Denial of Service attack?
I know that datamining of contacts might be used to find the “criminal” leaks that provide “irresponsible” journalists with information about “state secret” illegal government projects. I don’t feel comfortable in a country where the government is spying on its citicens in the way the Stasi used to do.
Mark:
If you only go back and work from identified terrorists, you will only have a model of terrorists you’ve identified. That may buy you some knowledge of what phones some of the associates used at some time in the past. And if you’re doing that, you can just ask the phone companies for their call records (typically retained for quite some time) after the fact. That’s how we traced the 9/11 crew, according to reports.
I don’t think the realtime trolling will be purely for particular shapes of graphs, but rather graph shapes in conjunction with other things.
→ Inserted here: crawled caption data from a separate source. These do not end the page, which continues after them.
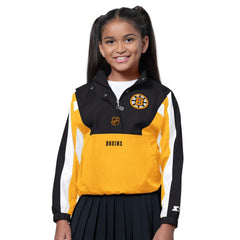Boston Bruins Starter Girls Key Player Half Zip Jacket - Black/Gold - NHL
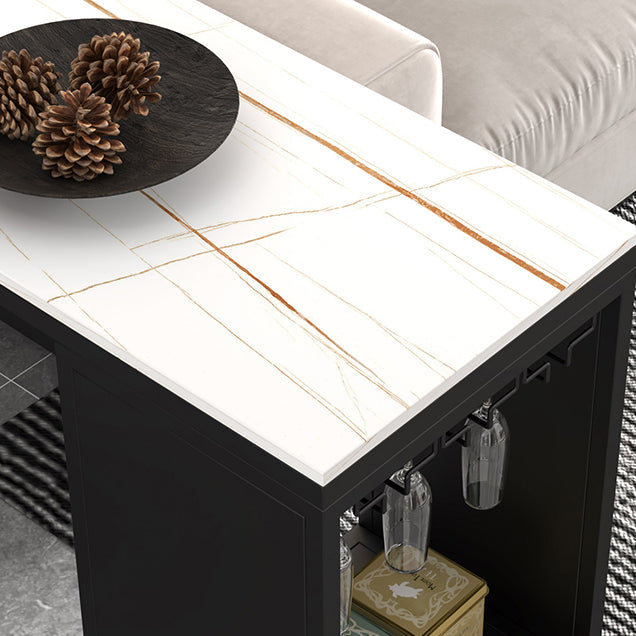 Industrial Iron Bar Table Faux Marble Rectangle Top 41.3"H Bistro Table with Storage Clearhalo 'Bar Furniture' 'Bar Tables' 'bar_tables' 'furn' 'furn_bar_tables' 'Furniture' 'furniture_bar_tables' 'Kitchen & Dining Furniture' 4416557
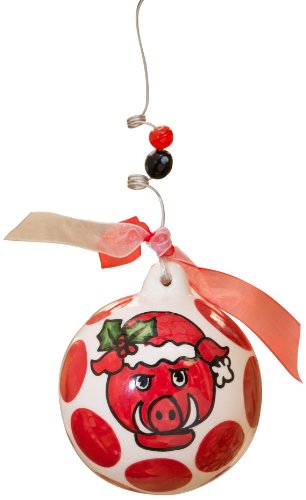 Glory Haus Arkansas Ball Ornament, 4 by 4-Inch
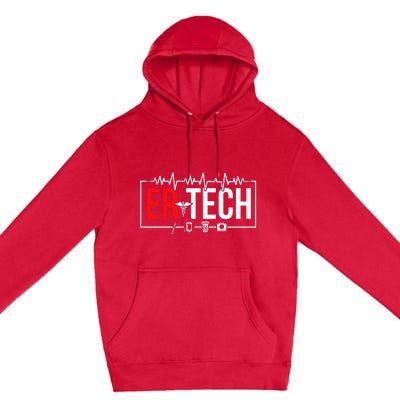 Emergency Room Technician Heartbeat ER Technicians Premium Pullover Hoodie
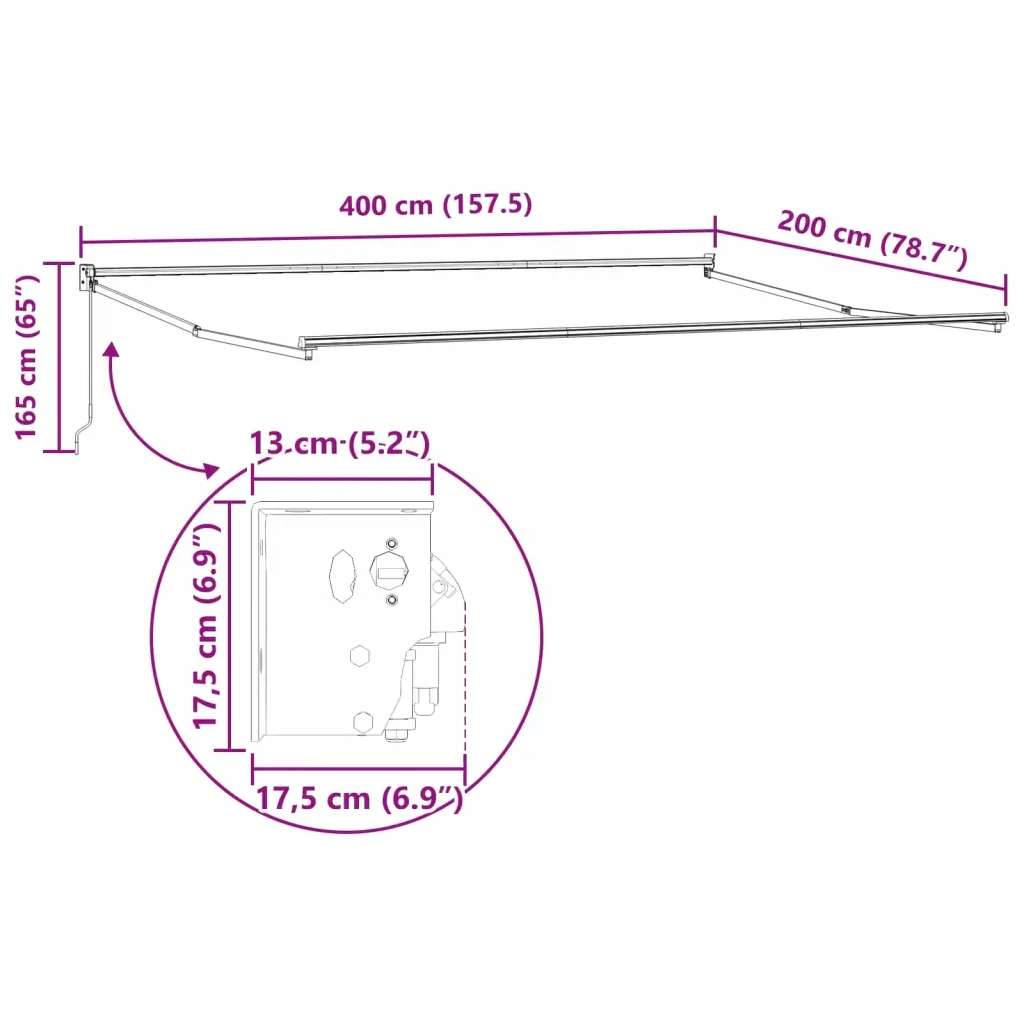 Tenda retrattile Grigio Chiaro 4 x 2 m 3419090 - Image 10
Not that many church phone trees (as far as I know) make extensive use of disposable cellphones or payphones, for example. (And mind you, I’m not suggesting all this is such a good idea, just wondering how it might turn out to work, if it worked.)
I hope you still discuss the general case, and the respects in which the present case fits (or doesn’t) the general case. I look forward to your analysis, and would hate for it to be written off as politically motivated or relevant only to the present controversy.
paul: I think it highly unlikely that the entire data set is ‘trolled’ automatically looking for suspicious behavior. There would be far too many false positives from reading clubs, church “phone trees”, and other non-criminal conspiracies. 😉
It is more likely that the data is accumulated so that when a suspicious individual is identified at some later date, the NSA can backtrack through his previous call data and apply a more targetted analysis.
Real-time analysis would also have to be based on some seed set of “persons of interest” to have any value.
This Podcast seems to be relevant: http://www.itconversations.com/shows/detail812.html
It would be interesting to find out how one develops training sets for the automated classifiers. There are obvious models of social networks and terrorist behavior that you could use, but it’s not clear how well those correlate with the real thing. Those models can be updated by backtracking call data every time you catch or identify a terrorist, but of course that in turn tells you about the class of terrorists you can catch and identify by other means…
One can “normalize” out the time component… If you map (phone number, date) to (contract id) two different people which used the same phone number in different years can be distinguished. It isn’t that difficult to trace a family through different phone numbers this way.
Such normalization is trivial in processing capacity compared to the analysis of the data.
One issue that seems to be overlooked and would be interesting to evaluate in your discussion is the time sensitivity of the data. The data of today is not the same as yesterday nor would tomorrow’s data necessarily be the same as today. People change phone numbers for a variety of reasons, especially with cell phones. As you note, we will be dependent on automated algorithms to uncover linkages. Based on the time sensitivity of data, the dataset will not be static but dynamic. Therefore, I would assume that any automated algorithm that takes into account time will be significanlty more complex and take up significantly greater computing power. I would like to see the time sensitivity issue brought into the discussion and evaluated.